Work instructions: Set down nothing but the lines from the one containing "New window opening" to the final line of the material, exactly as written, and drop the pictures.

Dataset content:
________
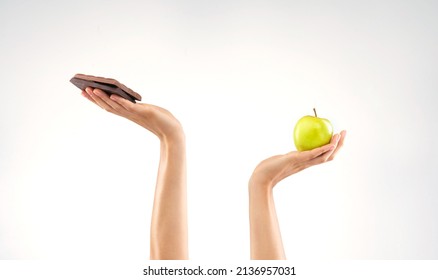 Why Cant I Choose Both. Studio Shot Of An Unrecognizable Woman Deciding Between Healthy And Unhealthy Foods Against A Grey Background.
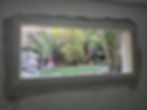 New window opening with a garden view in a basement unit, Beit Shemesh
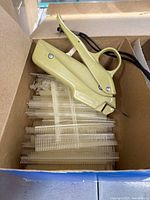 Beige vintage clothes tagger gun in box with plastic needles attached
________
Exercise response:
 New window opening with a garden view in a basement unit, Beit Shemesh
 Beige vintage clothes tagger gun in box with plastic needles attached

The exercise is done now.